The chromatogram of the thioacidolysis dimeric products (as TMS ethers) is shown in Figure 4, together with their structures, and their mass spectral data, and their relative abundances are summarized in Table 3. The main dimeric compounds released are of the type 5-5′ (peaks 1–3), 4-O-5′ (peaks 4 and 6), β-1′ (peaks 5, 9, 11, 14 and 24), β-5′ (peaks 7, 8, 10, 15, 16, 21 and 22), and β-β′ (peaks 12, 13, 17–19 and 25). The 5-5′ dimers arise in part from dibenzodioxocin structures after the breakdown of their α-O-4′ and β-O-4′′ ethers, and also from others 5-5′ etherified and non-etherified units (Capanema et al. 2004). The β-1′ dimers are produced from spirodienones after the cleavage of the α-O-α′ ether bond whereas the β-β′ tetralin dimers arise from the cleavage of α-O-γ ether bonds in resinols and subsequent recyclization through the formation of an additional bond between Cα and C₆ (Lapierre et al. 1995). Two types of β-5′ dimers were detected: (1) those simply derived from an unopened phenylcoumaran, such as dimer 22 that was recently established as authentic β-5′ dimer by synthesized standards (Yue et al. 2017), and (2) those β-5′ dimers arising from the breakdown of α-O-4′ ether in phenylcoumaran substructures (dimers 7, 8, 10, 15, 16 and 21).

Figure 4:

Total ion chromatogram of the dimeric products (as TMS ethers) obtained by thioacidolysis degradation followed by Raney-nickel desulphuration of OTP-MWL.
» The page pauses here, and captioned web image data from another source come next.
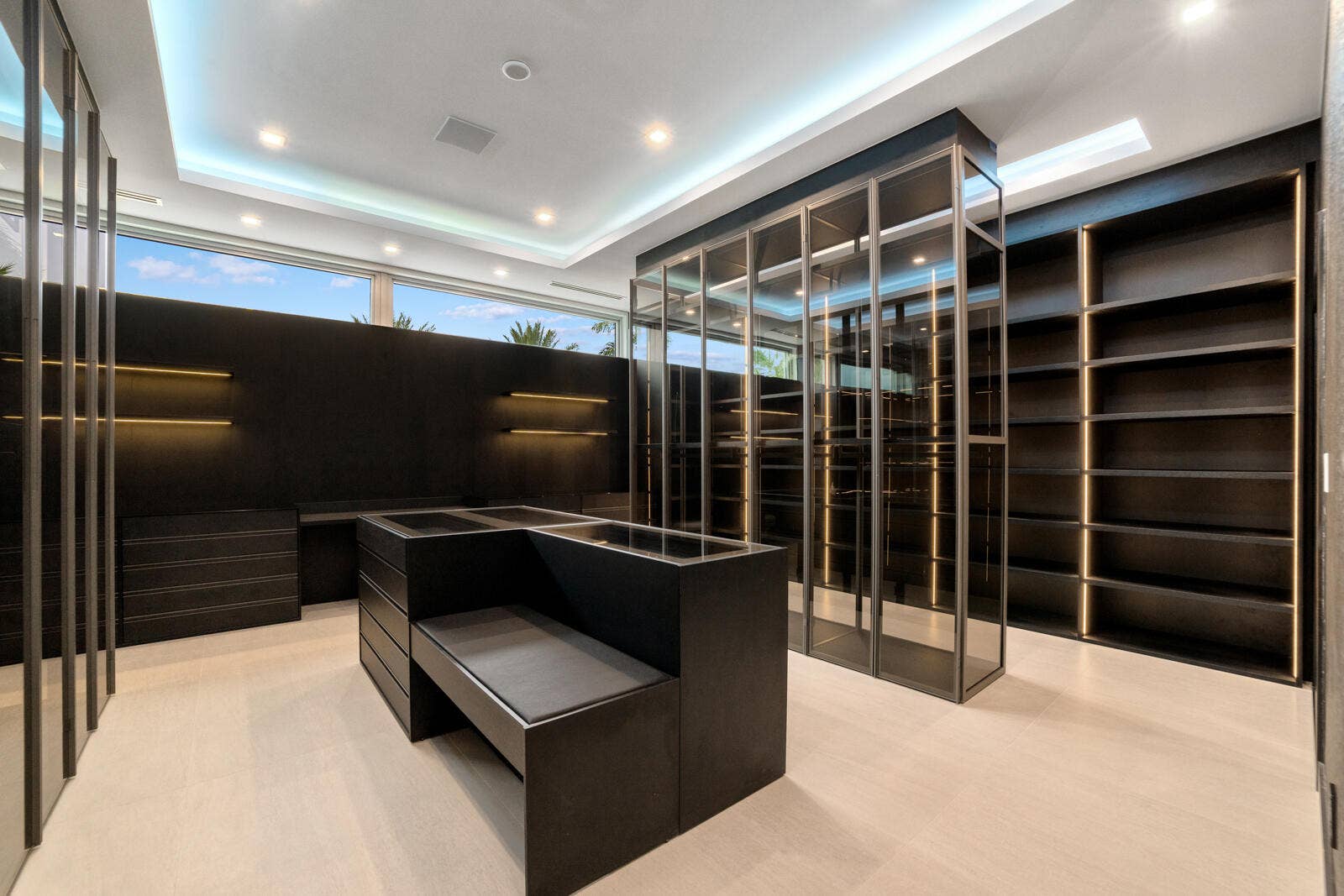 414 ROYAL PLAZA Drive, Fort Lauderdale, FL 33301 Extraordinary glass-enclosed boutique wardrobe with illuminated cabinetry, custom display cases, extensive storage, and a central dressing island with built-in seating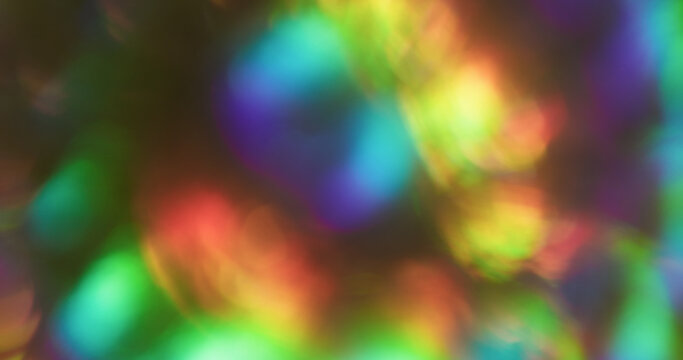 Bokeh glitter flare. Blur light. Pink green blue color radiant illuminated rainbow flash on abstract optical art black luminous background.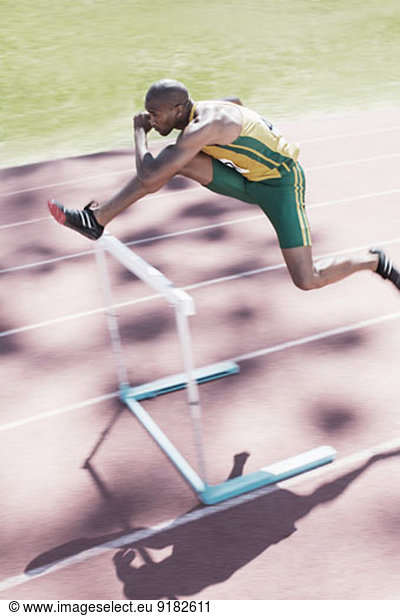 Runner clearing hurdle on track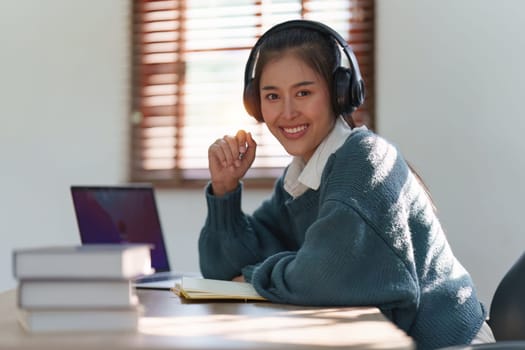 Online education, e-learning. Asian woman in stylish casual clothes, studying using a laptop, listening to online lecture, taking notes, online study at home.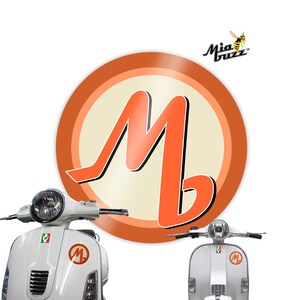 May include: White scooter with an orange logo featuring a large orange letter "M". The logo is in the centre of the image, with the scooter in the foreground. The logo also has the text "Mia Buzz" and a cartoon bee.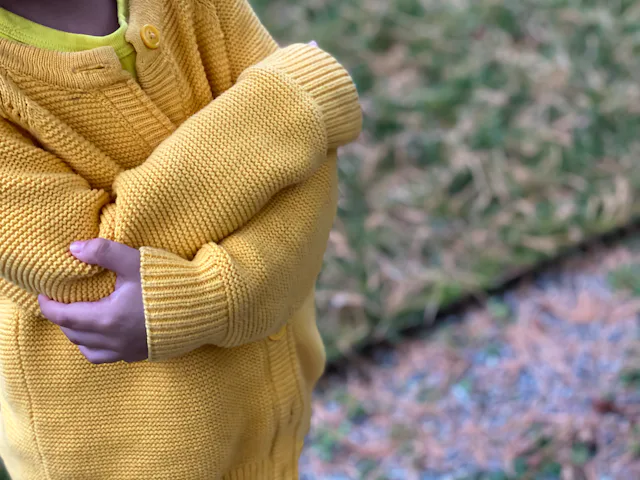 little girl folds her arms in protest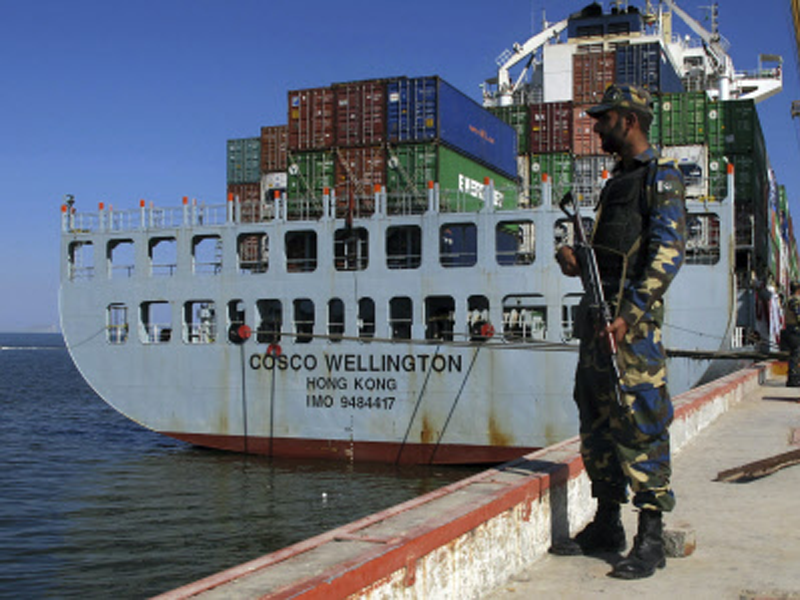 A Pakistan Navy soldier stands guard while a loaded Chinese ship is readied for departure prior to a ceremony at Gwadar port. (AP File Photo)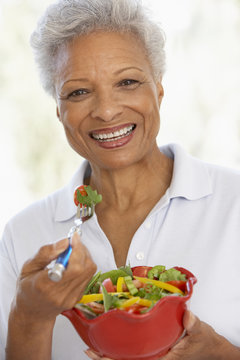 Senior Woman Eating A Fresh Green Salad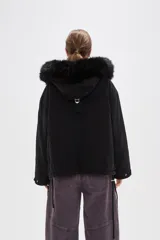 Campera negra de algodón con capucha, cierre frontal oculto y bolsillos laterales. Presenta un diseño holgado con detalles de piel sintética en el borde de la capucha.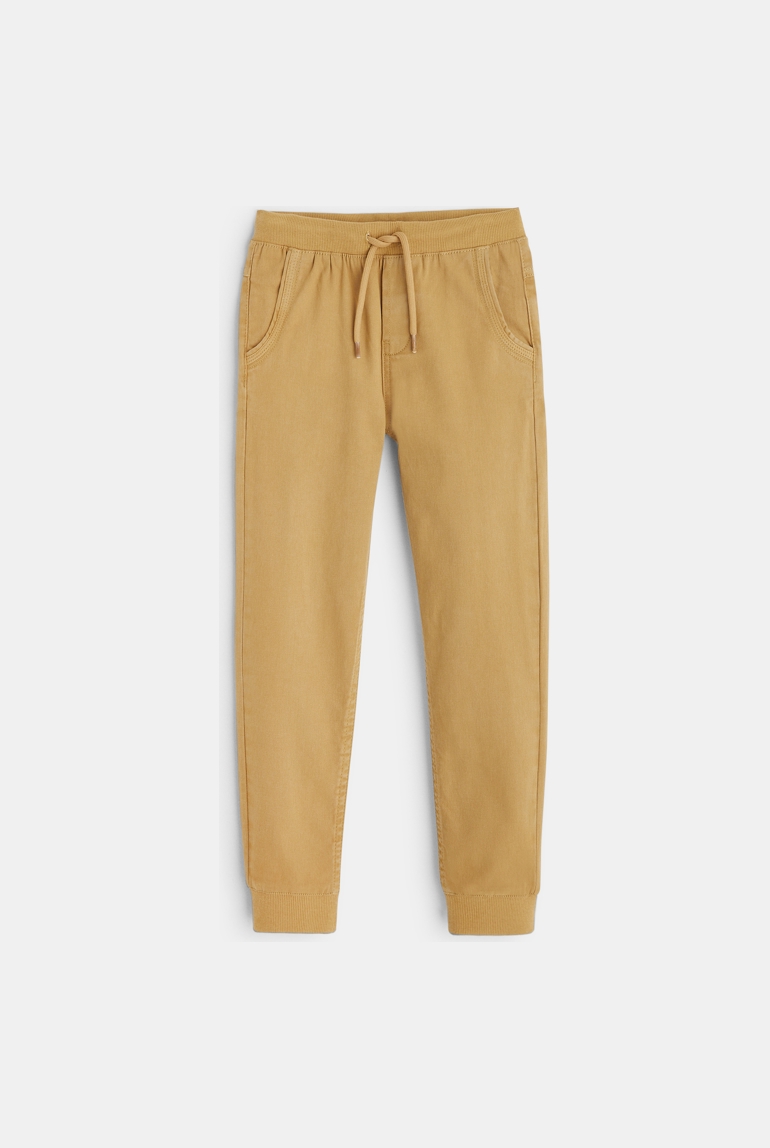 Jogpant uni en toile stretch beige garçon 1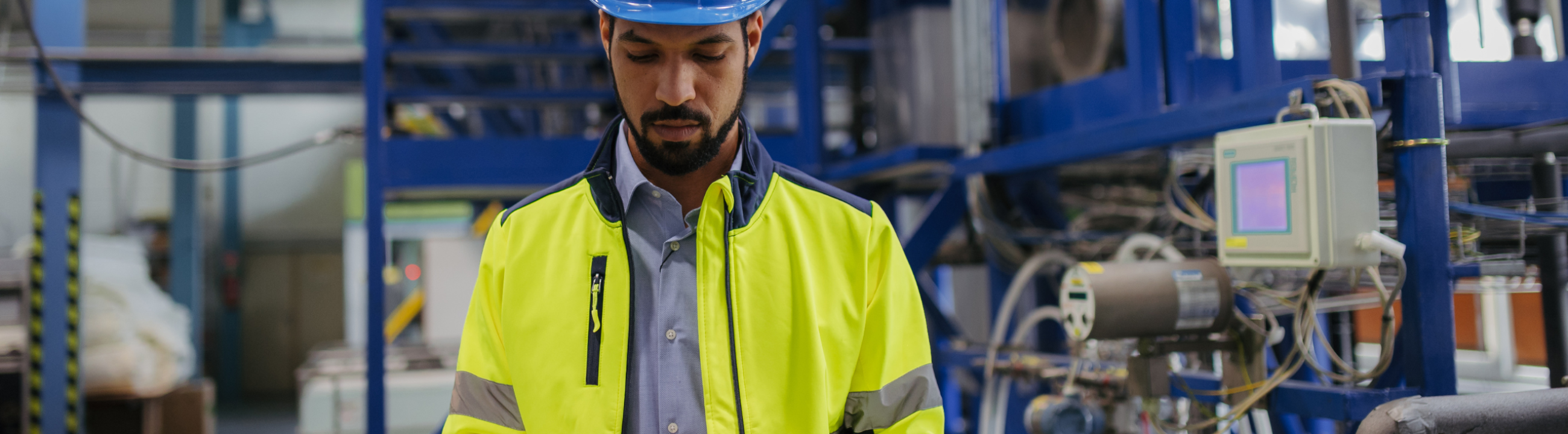 OT engineer reviewing patch management data on tablet in industrial facility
The mass spectral data are detailed in Table 3.

The relative proportions of the different dimers released upon thioacidolysis-desulfuration are listed in Table 4. The quantity of the most prominent dimers (based on all dimers) are β-β′ tetralin (≈37%) and β-5′ compounds (≈25%), followed by β-1′ (≈17%), 5-5′ (≈13.3%) and 4-O-5′ (≈7.8%) structures. 2D-NMR analysis, however, showed a higher abundance of β-5′ than β-β′ structures in OTP lignin. One possible explanation is that β-5′ linkages occur among G units (65% of all β-5′ dimers involve two G-units), that can also be connected to other lignin units, which are not degraded by thioacidolysis resulting in underrepresented β-5′ substructures among thioacidolysis degradation products. On the contrary, the vast majority of the β-β′ linkages in OTP lignin are of the S-S type (85% of all β-β′ linkages) (Table 4). This observation is also true for lignins in other plants (Rencoret et al. 2008; del Río et al. 2009). Such S-S dimers can only be integrated into the lignin macromolecule via their 4-OH groups, which leads to formation of β-O-4′ alkyl-aryl ethers, which are cleaved by thioacidolysis. β-β′ resinols are mainly syringaresinol and this could explain the high S/G ratios of OTP technical lignins obtained by steam explosion and alkaline pulping (Santos et al. 2017), because these pretreatments mostly cleave β-O-4′ linkages and produce a lignin highly enriched in β-β′ resinols.